Š The Editor(s) (if applicable) and The Author(s), under exclusive license to Springer Nature Switzerland AG, part of Springer Nature 2019
Hanna LempinenArctic Energy and Social Sustainabilityhttps://doi.org/10.1007/978-3-030-02269-3_1
Begin Abstract

1. Introduction: Energy and the North

Hanna Lempinen1
(1)
Aleksanteri Institute, University of Helsinki, Helsinki, Finland
Hanna Lempinen

Abstract

In political, popular, and scholarly debates, the Arctic is often framed as the world’s new energy province; increasing consumption, dwindling reserves, warming climate, and developing technologies are expected to push energy-related activities further into the previously inaccessible North. In this chapter, Lempinen takes a critical look at this narrative, pointing out uncertainties related to future prospects of large-scale energy development in the region. Drawing attention to the problematic ways in which energy and its social sustainability are addressed (energy being the production of oil and gas, and its social sustainability remaining either sidelined or reduced to socioeconomic concerns), the author argues for the dire need to critically investigate the political and scientific “truths” that are being produced about energy and its social dimension in the circumpolar North.

Keywords

ArcticEnergySocial sustainabilitySustainability science
End Abstract
Equally in political, popular, and academic debates, the Arctic has become a buzzword during the last decade: The global significance of the region has become all but synonymous with its vast oil and gas reserves (USGS 2009; Kristoferssen and Langhelle 2017, 31; Keil 2017, 282). This heightened interest in the world’s “new energy province ” (Koivurova 2017, 2) and the “last frontier” of global energy production (Nuttall 2010, 32) is often pictured as having taken shape and place in the interplay of various overlapping and interconnected developments.
Most important, the projected growth of global energy consumption plays a role in the puzzle: Worldwide energy demand is still expected to increase by 30% by the year 2040. Despite the rapidly increasing share of renewable energy sources, most of this growth has been and is still expected to be reliant on fossil fuels (IEA 2017, 1; 2018, 1). At the same time, concerns over the availability of reliable and affordable energy supplies have intensified. On the one hand, reserves at existing production sites have been estimated to be gradually dwindling (Owen et al. 2010; Di Muzio and Salah Ovadia 2016, 2).
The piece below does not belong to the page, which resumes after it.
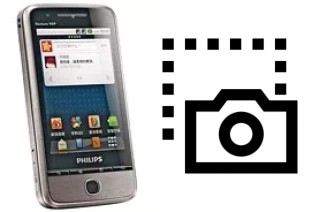 Screenshot su Philips V726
On the other hand, political instabilities and related delivery disruptions have contributed to increased anxiety over the impact that political events might have on securing uninterrupted energy supplies (Liuhto 2009; Paillard 2010). In addition, the changing climate has had a role to play: The retreating sea in the Arctic region has been expected to make previously inaccessible areas better available for energy extraction and transportation activities (Mikkola and Käpylä 2014, 16; Loe and Kelman 2016, 25). Combined with evolving production and transportation technologies (Nuttall 2010, 9−13), all of these developments have been seen as pushing energy -related activities further and further toward the previously inaccessible North (Fig. 1.1).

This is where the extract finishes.